The housing crisis was preventable, but politicians and regulators were asleep at the wheel. We cannot afford to make the same mistake again. We have it in our power as a nation to put housing, homeownership, and our economy back on track. We have practical solutions that will promote successful homeownership, help Americans repair their finances and communities, and build a more fair and prosperous economy.

Indeed, thousands have already come together to urge the candidates to present their path forward. Why are they shying away from putting forth a concrete plan to stop wrongful foreclosures and ensure that we have affordable homes to rent and real access to homeownership? The Home for Good Campaign has been asking these very questions but has yet to get an answer. There are no easy answers, but ignoring the problem won’t make it go away.

Friday, September 7, 2012

Housing Crisis Remains a Backburner Issue at DNC

Capping off the Democratic National Convention and officially ushering in the election season, President Barack Obama took to the podium last night to lay out his vision for America’s future.  And while there are points in his speech, as there were in his challenger’s, that paint an encouraging picture for Latinos of the next four years under his leadership, there is yet again one prominent omission—what about housing?
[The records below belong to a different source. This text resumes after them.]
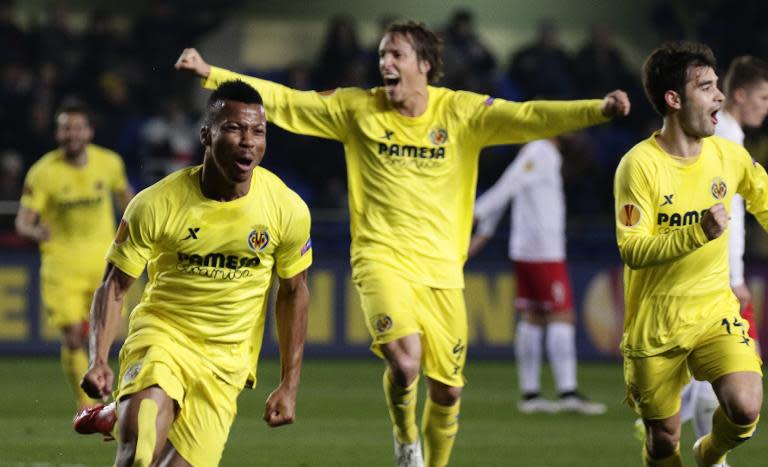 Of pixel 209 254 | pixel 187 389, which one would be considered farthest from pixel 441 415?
pixel 209 254

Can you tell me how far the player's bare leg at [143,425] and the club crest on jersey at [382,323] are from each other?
76.6 inches

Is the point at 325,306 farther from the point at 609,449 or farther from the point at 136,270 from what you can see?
the point at 136,270

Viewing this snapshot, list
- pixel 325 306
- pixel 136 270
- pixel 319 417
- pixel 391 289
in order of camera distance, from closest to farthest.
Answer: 1. pixel 136 270
2. pixel 391 289
3. pixel 319 417
4. pixel 325 306

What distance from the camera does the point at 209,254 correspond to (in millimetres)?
6113

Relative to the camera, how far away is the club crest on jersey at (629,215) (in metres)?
6.62

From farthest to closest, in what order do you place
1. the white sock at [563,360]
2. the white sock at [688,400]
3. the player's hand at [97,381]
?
the white sock at [563,360]
the white sock at [688,400]
the player's hand at [97,381]

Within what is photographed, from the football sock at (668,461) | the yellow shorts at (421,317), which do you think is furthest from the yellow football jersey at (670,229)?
the yellow shorts at (421,317)

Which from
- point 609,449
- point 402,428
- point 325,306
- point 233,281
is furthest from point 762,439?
point 325,306

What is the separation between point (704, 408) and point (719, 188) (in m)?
1.86

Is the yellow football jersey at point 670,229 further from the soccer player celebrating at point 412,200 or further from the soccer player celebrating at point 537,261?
the soccer player celebrating at point 537,261

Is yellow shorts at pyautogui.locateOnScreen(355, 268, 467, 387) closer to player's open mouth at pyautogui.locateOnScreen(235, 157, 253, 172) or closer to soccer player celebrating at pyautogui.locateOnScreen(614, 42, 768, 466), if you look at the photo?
soccer player celebrating at pyautogui.locateOnScreen(614, 42, 768, 466)

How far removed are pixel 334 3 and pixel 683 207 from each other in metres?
14.5

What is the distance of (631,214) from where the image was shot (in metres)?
6.64

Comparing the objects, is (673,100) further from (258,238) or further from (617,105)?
(258,238) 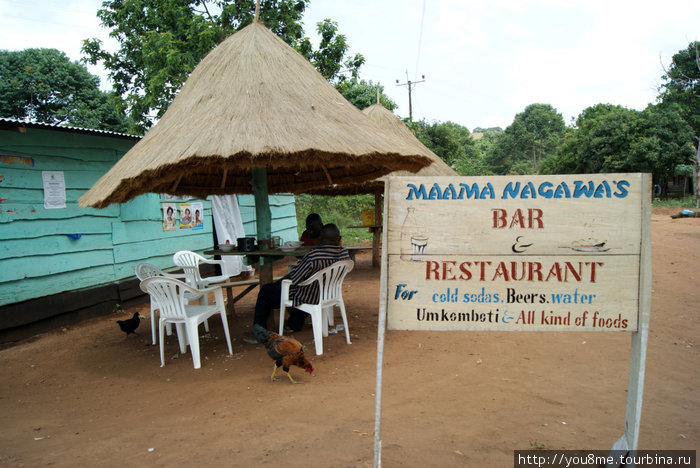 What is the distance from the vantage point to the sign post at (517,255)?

At last week’s Republican National Convention, there was hardly a whisper about how Gov. Mitt Romney planned to solve the housing crisis.  Since the housing bubble burst, home values have plummeted, leaving millions of Americans paying off mortgages that are worth more than the actual houses they own.  Couple that with the millions of families all across the country who have either already lost or face the very frightening possibility of losing their homes to foreclosure, and you have a very real problem that needs to be dealt with now.  And while Gov. Romney and President Obama lay out their cases for how they plan to guide this country through the economic crisis to recovery, they seem comfortable leaving families in the dark about how they plan to stem the bleeding in the housing market.

To be fair, Democrats did turn the mic over to California Attorney General Kamala Harris, who highlighted one of the administration’s crowning housing achievements—the historic $25 billion Department of Justice settlement between five of the nation’s largest mortgage servicers and 49 state attorneys general.  Perhaps we can take this as an indication that the incumbent plans to run on his record.  Certainly, Obama has had victories worth mentioning—the historic Countrywide settlement as well as the opening of the Consumer Financial Protection Bureau both show that this administration is attempting to hold banks accountable for unfair lending practices and is working to prevent consumers from once again becoming victims of fraud.

Still, these are just a few of the building blocks necessary to create a stronger, safer housing market, and quite frankly, these blocks alone will not do the job.  President Obama needs to lay out a plan for American homeowners explaining how he is going to turn this housing crisis around.  Is housing counseling for struggling homeowners going to be funded or will it succumb to budget cuts?  How does principal reduction factor into housing policy and is it even on the table?  American homeowners don’t know because the two candidates running for office won’t talk about it.

Last night, the President acknowledged the uphill challenge of healing the economy:  “When the house of cards collapsed in the Great Recession, millions of innocent Americans lost their jobs, their homes, their life savings, a tragedy from which we’re still fighting to recover.”  But the eerie silence from both President Obama and Mitt Romney inspires more concern than confidence over their ability to muster enough political will to grapple with solutions.  And what homeowners need more than anything is the confidence that the leader of this country is in their corner.

We need a commitment from both candidates that they will work to make homeownership viable for all Americans.  We need a plan from both candidates for how they are going to stem foreclosures and protect American consumers from fraud.  And most importantly, we need an acknowledgement that this problem exists and is worth talking about during this election.